LTGO-33 is a potent and selective voltage-gated sodium channel NaV1.8 inhibitor. LTGO-33 inhibits NaV1.8 in the nM potency range and exhibits over 600-fold selectivity against human NaV1.1-NaV1.7 and NaV1.9. LTGO-33 exhibits state-independent inhibition with similar potencies on channels in the closed and inactivated conformations. LTGO-33 inhibits native TTX-R NaV1.8 currents in non-human primate and human DRG neurons, where it reduces action potential firing. LTGO-33 can be used for pain disorders research.

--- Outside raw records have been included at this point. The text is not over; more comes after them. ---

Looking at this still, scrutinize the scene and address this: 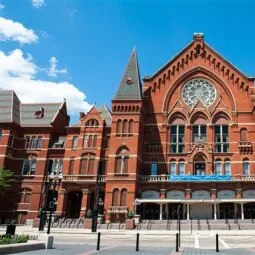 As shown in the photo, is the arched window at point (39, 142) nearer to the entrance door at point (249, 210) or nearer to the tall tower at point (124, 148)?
the tall tower at point (124, 148)

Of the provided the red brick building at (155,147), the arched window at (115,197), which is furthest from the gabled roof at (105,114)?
the arched window at (115,197)

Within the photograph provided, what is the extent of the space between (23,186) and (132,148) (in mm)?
17785

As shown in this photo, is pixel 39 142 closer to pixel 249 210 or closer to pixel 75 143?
pixel 75 143

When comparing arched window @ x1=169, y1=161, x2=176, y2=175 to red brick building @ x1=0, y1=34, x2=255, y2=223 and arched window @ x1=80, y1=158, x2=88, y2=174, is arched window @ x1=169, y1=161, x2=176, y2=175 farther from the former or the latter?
arched window @ x1=80, y1=158, x2=88, y2=174

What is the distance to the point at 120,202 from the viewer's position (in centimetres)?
4362

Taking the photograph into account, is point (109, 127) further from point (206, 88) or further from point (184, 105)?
point (206, 88)

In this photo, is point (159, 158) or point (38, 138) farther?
point (38, 138)

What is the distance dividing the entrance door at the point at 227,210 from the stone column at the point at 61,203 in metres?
21.5

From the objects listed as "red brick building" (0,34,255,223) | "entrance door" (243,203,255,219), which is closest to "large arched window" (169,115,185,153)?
"red brick building" (0,34,255,223)

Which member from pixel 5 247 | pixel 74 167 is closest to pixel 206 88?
pixel 74 167

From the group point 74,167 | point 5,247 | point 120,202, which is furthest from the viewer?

LTGO-33 exhibits an IC50 of 33 nM from the closed state and 24 nM from an inactivated state[1].LTGO-33 displays species specificity for primate NaV1.8 over dog and rodent NaV1.8 and inhibits action potential firing in human dorsal root ganglia neurons[1].LTGO-33 inhibits TTX-R currents in primary DRG neurons from human (male donors: IC50 of 110 nM, 95% CI: 92 to 120 nM, n = 3-15 neurons per concentration; female donors: IC50 of 120 nM, 95% CI: 100 to 140 nM, 4- 6 neurons per concentration) and cynomolgus monkey (IC50 of 100 nM, 95% CI: 71 to 150 nM, n = 6 cells) but is markedly less effective on DRG neurons from dog (IC50 >10 µM, n = 6 cells), rat (IC50 >30 µM, n = 7 cells), and mouse (IC50 >30 µM, n = 8 cells)[1].LTGO-33 stabilizs the deactivated state of VSDII, effectively keeping the channel closed by preventing movement of VSDII[1].
References:
[1]. Gilchrist JM, et al. Pharmacologic Characterization of LTGO-33, a Selective Small Molecule Inhibitor of the Voltage-Gated Sodium Channel NaV1.8 with a Unique Mechanism of Action. Mol Pharmacol. 2024 Feb 15;105(3):233-249.